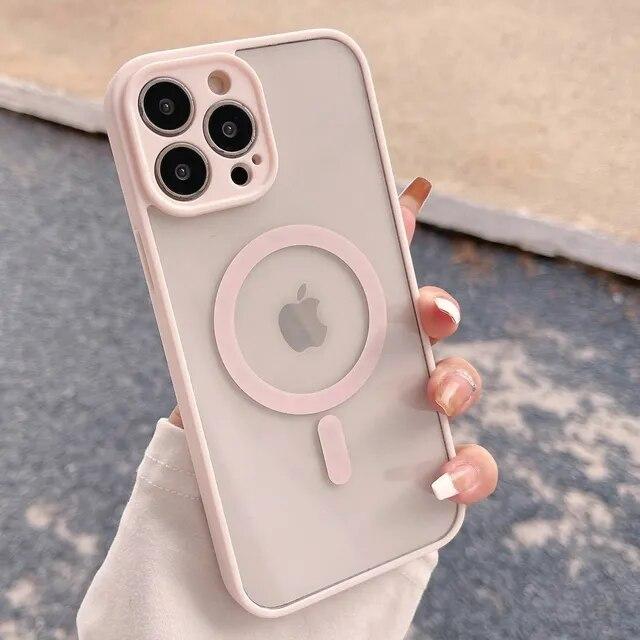 Luxury Magnetic Wireless Charging Case for IPhone 15 Pro Max 14 13 12 11 X XR XS Max 7 8 Plus Shockproof Soft Bumper Cover
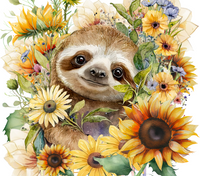 SUNFLOWER SLOTH TUMBLER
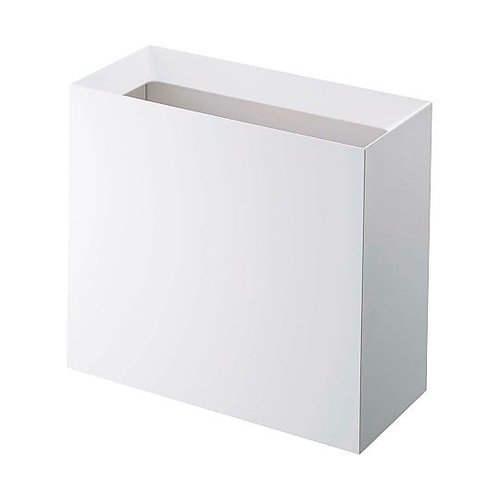 トラッシュカン ワイド タワー ホワイト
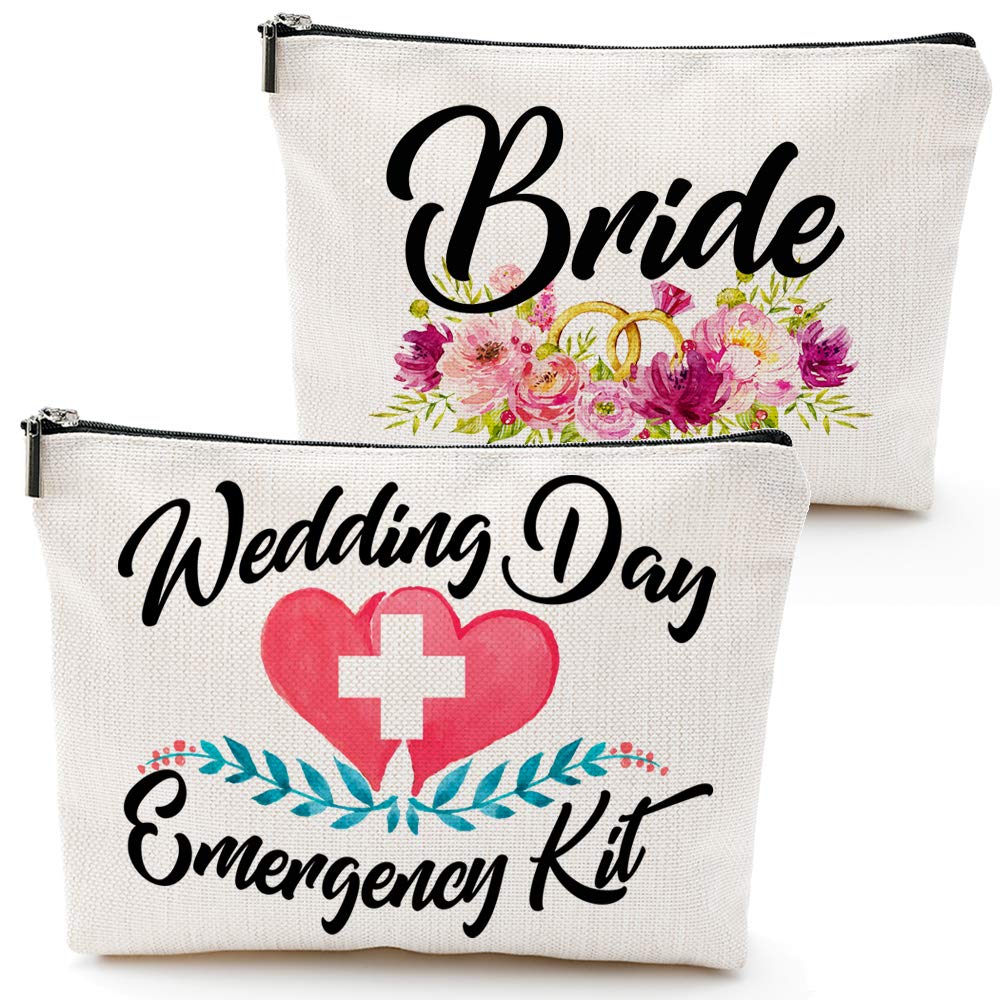 Wedding Day Emergency Kit Makeup Bag,Bride bad,Bridal Shower Gift, Wedding Survival Kit, Cosmetic Bag,Bride Gifts,Bridal shower gift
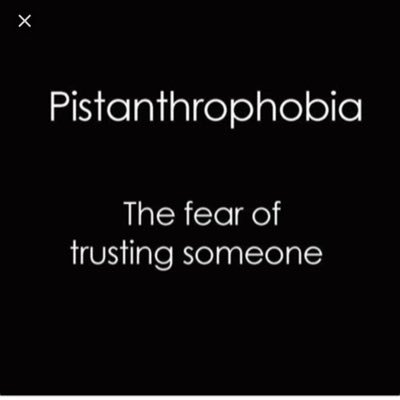 Nevertrust1that's profile picture. There are some things people do that make you just not trust them.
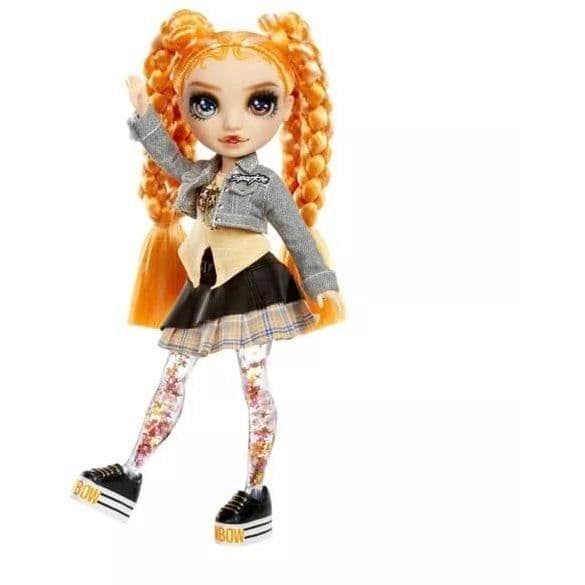 Rainbow High - Sparkle & Shine - 27 cm modedukke - Orange - Ben med glimmervæske - Fra 4 år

-----

Problem details>
Give the entries again exactly, but skip every image.

Exercise output>
 Luxury Magnetic Wireless Charging Case for IPhone 15 Pro Max 14 13 12 11 X XR XS Max 7 8 Plus Shockproof Soft Bumper Cover
 SUNFLOWER SLOTH TUMBLER
 トラッシュカン ワイド タワー ホワイト
 Wedding Day Emergency Kit Makeup Bag,Bride bad,Bridal Shower Gift, Wedding Survival Kit, Cosmetic Bag,Bride Gifts,Bridal shower gift
 Nevertrust1that's profile picture. There are some things people do that make you just not trust them.
 Rainbow High - Sparkle & Shine - 27 cm modedukke - Orange - Ben med glimmervæske - Fra 4 år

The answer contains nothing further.